Thank you for all your work and good reading!
I’m a noob and inexperienced and lazy. Also I do not have any burn cd’s or usb close by. I’ve used daemon tool to mount the ubuntu iso and it’s just like a cd. Also I have both windows and ubuntu. Just used a whole day to get the new Ubuntu working. Had a black screen issue. And though it may be that I should have given up I lay here with my comouter feeling proud for dealing with the annoyance myself. Thanks for good tips!

I might have said this before (I don’t temember), but I did everything you said not to do. I burned the ISO (back when Ubuntu was still on 10.10) and replaced Windows on the first day. Then I aggressively started learning BASH scripting.
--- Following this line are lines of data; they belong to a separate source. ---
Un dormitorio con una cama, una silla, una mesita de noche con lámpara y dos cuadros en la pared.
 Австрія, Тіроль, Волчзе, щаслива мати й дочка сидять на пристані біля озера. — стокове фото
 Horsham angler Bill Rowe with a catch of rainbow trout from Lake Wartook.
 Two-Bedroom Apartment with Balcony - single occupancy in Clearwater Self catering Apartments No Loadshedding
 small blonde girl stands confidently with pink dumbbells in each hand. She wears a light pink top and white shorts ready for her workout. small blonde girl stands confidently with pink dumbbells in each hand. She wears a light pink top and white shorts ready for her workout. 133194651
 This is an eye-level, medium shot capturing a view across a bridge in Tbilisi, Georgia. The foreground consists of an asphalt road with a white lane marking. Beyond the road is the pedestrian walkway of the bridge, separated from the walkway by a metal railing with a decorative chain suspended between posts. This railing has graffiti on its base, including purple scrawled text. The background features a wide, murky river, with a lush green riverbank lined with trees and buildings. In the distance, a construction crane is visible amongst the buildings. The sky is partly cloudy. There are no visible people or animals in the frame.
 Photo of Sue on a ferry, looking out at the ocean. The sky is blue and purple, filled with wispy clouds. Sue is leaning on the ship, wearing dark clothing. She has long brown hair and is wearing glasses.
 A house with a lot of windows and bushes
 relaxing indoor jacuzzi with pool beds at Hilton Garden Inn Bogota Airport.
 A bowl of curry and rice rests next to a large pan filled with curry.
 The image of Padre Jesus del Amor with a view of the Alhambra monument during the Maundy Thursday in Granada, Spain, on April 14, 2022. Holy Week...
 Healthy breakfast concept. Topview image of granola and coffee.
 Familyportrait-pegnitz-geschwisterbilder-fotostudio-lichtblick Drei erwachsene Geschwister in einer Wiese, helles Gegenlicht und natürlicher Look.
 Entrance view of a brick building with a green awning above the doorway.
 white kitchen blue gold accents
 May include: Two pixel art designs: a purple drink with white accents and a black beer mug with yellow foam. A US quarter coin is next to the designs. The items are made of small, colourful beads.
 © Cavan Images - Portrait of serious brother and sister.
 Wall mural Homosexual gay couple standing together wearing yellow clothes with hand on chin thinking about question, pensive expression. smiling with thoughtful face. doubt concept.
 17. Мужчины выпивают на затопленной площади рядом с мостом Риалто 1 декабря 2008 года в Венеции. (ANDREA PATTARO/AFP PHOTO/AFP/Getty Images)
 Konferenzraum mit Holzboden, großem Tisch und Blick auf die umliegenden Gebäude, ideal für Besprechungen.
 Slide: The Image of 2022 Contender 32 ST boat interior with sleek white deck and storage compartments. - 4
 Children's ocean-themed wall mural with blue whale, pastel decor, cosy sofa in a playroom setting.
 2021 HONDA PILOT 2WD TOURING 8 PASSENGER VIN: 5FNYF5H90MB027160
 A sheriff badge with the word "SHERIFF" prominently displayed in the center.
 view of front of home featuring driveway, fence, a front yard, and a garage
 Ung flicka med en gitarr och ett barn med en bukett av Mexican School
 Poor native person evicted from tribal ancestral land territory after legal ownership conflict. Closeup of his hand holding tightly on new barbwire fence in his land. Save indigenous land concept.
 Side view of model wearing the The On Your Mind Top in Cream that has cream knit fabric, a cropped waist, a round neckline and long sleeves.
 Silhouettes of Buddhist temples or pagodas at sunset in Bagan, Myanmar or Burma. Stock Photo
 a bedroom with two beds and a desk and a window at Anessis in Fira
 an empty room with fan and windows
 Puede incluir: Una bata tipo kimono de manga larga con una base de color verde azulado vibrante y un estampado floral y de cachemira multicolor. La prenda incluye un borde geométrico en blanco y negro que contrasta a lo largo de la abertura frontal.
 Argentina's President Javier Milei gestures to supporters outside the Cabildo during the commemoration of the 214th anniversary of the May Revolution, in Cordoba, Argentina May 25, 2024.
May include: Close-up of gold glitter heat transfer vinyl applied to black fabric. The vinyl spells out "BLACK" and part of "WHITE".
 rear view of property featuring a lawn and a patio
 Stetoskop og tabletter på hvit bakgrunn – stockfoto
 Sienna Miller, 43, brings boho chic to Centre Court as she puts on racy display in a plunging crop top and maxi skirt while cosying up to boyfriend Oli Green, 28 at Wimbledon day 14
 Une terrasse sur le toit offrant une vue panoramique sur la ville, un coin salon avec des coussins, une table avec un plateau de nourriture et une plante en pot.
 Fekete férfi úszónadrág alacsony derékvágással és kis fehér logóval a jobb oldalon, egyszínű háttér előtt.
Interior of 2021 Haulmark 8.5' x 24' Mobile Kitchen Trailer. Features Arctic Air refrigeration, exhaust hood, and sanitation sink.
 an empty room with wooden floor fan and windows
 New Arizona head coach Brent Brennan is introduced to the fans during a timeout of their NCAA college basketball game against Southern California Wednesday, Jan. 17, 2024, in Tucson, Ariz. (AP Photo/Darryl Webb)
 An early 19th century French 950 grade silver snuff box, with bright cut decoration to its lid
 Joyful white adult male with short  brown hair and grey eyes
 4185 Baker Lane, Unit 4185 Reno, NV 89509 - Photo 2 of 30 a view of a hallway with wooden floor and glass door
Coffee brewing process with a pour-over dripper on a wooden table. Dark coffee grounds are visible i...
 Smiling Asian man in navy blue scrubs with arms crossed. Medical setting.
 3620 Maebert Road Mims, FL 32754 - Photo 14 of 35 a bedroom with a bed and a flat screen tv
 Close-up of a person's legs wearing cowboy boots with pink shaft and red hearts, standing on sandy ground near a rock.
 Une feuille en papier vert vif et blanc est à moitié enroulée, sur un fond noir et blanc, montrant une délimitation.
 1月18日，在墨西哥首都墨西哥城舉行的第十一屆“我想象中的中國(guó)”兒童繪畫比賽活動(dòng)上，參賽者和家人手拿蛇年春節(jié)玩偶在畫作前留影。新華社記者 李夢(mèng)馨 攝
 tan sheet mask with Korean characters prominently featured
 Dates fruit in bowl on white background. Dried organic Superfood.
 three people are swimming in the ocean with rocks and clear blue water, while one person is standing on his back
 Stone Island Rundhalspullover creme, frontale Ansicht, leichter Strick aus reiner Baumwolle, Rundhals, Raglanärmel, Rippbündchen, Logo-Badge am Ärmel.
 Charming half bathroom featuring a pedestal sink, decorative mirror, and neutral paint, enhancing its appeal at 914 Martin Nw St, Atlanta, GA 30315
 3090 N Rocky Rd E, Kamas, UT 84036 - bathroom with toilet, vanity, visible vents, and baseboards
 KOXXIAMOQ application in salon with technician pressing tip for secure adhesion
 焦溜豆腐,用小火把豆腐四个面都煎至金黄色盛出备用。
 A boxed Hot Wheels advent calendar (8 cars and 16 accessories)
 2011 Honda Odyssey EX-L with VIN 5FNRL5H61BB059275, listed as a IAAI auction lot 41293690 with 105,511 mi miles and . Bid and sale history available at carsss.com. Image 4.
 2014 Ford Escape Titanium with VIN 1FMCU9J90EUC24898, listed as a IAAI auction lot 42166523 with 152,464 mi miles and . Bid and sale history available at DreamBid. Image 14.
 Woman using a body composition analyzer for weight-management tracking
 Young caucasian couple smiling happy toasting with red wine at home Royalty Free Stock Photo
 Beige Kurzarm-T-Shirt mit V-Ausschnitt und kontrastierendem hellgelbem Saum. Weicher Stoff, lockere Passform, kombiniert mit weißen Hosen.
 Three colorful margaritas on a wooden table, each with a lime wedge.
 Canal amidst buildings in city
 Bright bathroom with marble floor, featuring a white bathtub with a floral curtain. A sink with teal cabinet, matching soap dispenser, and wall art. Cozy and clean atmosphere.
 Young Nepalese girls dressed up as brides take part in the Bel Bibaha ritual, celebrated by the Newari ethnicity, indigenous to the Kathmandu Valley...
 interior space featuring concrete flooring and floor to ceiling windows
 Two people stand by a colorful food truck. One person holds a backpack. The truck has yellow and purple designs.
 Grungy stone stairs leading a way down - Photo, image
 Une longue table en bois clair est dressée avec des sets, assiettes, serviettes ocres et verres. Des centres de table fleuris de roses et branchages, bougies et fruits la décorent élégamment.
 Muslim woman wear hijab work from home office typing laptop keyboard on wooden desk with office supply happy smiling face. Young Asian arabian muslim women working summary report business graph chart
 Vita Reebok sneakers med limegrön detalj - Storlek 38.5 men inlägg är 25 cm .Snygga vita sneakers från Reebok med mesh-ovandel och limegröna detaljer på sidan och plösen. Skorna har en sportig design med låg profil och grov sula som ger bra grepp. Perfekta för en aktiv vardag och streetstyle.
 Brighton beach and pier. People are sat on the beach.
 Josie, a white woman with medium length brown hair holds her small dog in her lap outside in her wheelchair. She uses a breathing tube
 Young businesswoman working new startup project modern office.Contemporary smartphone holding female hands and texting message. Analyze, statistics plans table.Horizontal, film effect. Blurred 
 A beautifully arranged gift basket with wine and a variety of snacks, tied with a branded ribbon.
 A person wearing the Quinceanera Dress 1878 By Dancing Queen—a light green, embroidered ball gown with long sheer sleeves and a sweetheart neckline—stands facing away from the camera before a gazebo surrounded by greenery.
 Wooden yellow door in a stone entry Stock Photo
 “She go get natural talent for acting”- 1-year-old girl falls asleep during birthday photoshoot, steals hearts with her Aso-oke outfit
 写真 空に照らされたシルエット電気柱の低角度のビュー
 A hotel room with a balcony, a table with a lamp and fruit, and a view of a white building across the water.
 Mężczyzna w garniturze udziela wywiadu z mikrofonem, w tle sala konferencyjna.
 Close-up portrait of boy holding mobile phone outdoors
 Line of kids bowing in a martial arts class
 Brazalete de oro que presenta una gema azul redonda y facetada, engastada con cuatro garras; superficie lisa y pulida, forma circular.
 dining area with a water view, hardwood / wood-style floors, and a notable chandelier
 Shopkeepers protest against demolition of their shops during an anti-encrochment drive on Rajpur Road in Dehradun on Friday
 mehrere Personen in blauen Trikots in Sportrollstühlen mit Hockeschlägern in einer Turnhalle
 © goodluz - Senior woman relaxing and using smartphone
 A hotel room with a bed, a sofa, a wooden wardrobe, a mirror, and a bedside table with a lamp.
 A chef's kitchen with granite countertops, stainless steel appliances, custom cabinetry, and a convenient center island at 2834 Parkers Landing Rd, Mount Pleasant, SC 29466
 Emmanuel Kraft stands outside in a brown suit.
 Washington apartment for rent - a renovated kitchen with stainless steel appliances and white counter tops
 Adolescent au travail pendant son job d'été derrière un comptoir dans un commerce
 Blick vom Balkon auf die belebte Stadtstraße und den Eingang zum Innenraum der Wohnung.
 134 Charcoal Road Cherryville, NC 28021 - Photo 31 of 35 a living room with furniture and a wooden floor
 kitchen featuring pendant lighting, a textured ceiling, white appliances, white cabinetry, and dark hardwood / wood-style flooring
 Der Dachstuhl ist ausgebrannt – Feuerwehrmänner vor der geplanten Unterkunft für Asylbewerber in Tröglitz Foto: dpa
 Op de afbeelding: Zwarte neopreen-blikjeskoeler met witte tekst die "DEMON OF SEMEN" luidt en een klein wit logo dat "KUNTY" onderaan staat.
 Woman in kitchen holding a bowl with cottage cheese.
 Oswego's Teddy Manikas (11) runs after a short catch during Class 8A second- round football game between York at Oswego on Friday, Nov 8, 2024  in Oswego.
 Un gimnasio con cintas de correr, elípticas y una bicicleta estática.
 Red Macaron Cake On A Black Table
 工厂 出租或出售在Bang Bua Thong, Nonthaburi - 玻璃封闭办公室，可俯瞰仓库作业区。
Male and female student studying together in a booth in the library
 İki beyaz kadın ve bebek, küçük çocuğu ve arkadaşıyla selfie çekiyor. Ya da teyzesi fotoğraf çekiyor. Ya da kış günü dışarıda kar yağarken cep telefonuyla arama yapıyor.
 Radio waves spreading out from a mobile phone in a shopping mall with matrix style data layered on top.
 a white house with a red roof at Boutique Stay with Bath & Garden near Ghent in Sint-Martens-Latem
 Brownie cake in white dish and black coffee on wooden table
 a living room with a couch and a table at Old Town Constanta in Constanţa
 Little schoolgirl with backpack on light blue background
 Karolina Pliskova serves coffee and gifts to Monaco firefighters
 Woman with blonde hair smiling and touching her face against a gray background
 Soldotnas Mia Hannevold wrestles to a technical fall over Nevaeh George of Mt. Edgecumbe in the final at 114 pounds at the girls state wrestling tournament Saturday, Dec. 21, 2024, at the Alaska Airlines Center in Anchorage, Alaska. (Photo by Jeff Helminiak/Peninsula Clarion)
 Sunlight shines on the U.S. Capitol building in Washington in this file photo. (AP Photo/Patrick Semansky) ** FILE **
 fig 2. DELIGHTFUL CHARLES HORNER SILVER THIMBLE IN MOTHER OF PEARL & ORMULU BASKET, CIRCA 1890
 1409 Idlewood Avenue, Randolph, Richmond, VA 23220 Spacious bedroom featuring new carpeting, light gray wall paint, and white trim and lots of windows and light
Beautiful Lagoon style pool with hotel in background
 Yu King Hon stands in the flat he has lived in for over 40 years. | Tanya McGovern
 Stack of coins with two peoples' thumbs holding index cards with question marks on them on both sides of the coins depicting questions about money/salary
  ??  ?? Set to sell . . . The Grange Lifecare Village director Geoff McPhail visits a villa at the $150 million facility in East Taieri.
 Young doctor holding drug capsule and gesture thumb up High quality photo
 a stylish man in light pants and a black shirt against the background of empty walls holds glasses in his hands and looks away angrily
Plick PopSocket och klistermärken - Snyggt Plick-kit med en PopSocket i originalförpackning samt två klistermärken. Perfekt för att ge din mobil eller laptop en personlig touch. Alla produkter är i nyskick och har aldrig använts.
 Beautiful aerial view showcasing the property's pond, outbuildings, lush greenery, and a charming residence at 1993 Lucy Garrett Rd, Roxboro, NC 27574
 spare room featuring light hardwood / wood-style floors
I would recommend your approach, though. It seems much more beginner-oriented than mine.

I want to test out using Linux & Ubuntu as this has been recommended to me as a good alternative to a windows server for running my forex trading software.
I have a barebone server and need to know how to load firstly wine or a suitable windows emulator and my MT4 trading software.
The challenge seems to be loading from the command prompt.
Anyone able/willing to help me?

@durango – this is probably not the best place for this discussion, but long story short:
To load ‘wine’ type:
sudo apt-get install wine1.2

…which gets you a recent version, but not the beta version which was ‘wine1.3’ last time I looked.

To run (eg) a Windows angrybirds.exe program in a folder called ‘angrybirds’ in your home directory:

cd ~/angrybirds
wine angrybirds.exe

Let’s hope your MT4 trading software works as well with Wine 1.2 as AngryBirds does.

Due to circumstances, I followed part of your advice. I started using OpenOffice 6-7years ago, mostly because MS had enough bugs that I figured it was easy and cheap to try open source.

When I tried to make 1 working machine (move hard from broken machine to other PC with no HD), MS had multiple rationales why I had to pay them for a new OS (would not honor license on either machine), but couldn’t promise to make anything work quickly.

Ubuntu (LST 10.4) doesn’t seem to be a radical change from the user’s perspective. Some procedures are different,but instruction is pretty clear. (Admittedly I started using PCs at work shortly before DOS took over.)

Basic installation was easy; getting music and DVD has taken more time than makes sense for most people

Haha, I did completely the opposite of this. I took a complete leap of faith and simply formatted my entire hard drive and installed Ubuntu 12.04 over it. I decided that if I was really going to switch I would have to isolate myself from Windows and force myself to find work arounds. 3 weeks into it,so far so good. I use your website a lot, thank you for writing it.

I did the same thing as Valera. Only problem was, wireless drivers for my computer(Dell Inspiron 1012)didn’t work in 10.04. I proceeded to swear loudly and frequently. It eventually kind of worked in 10.10, and fully worked in 11.04, so I was okay. I now have an HP Pavilion dv6 dualbooting Mint and Windows, but that original experience did teach me a huge amount. I would not be the same person without that, it taught me so much about the Terminal, it taught me to both love and hate Linux. Now that it’s (almost-the display driver is a bit wonky, and the fingerprint reader doesn’t work) fully working on my HP, I can’t believe how much better it is.

It took me about 3 years to migrate to linux. I started with a Suse dual-boot, but eventually drifted back towards Windows again.

A new box and I installed a dual-boot with ubuntu, but still sticked with windows for some applications though I used ubuntu more frequently for daily stuff like surfing and mailing.

Finally, on my notebook I still have a dual-boot setup but ubuntu is running 95 percent of the time. Windows resides there for occasional gaming only.

So, a switch to ubuntu – or any other linux – might become a process because the way we use computers is tied to habits how to get things done. ubuntu and its set of applications are not more difficult than – let’s say – Microsoft Word or Outlook which can be quite awkward and unintuitive.

The most important advice is I think to start using open source applications under Windows. When you have learned to use them in a familiar context, the final switch to ubuntu becomes just a small step.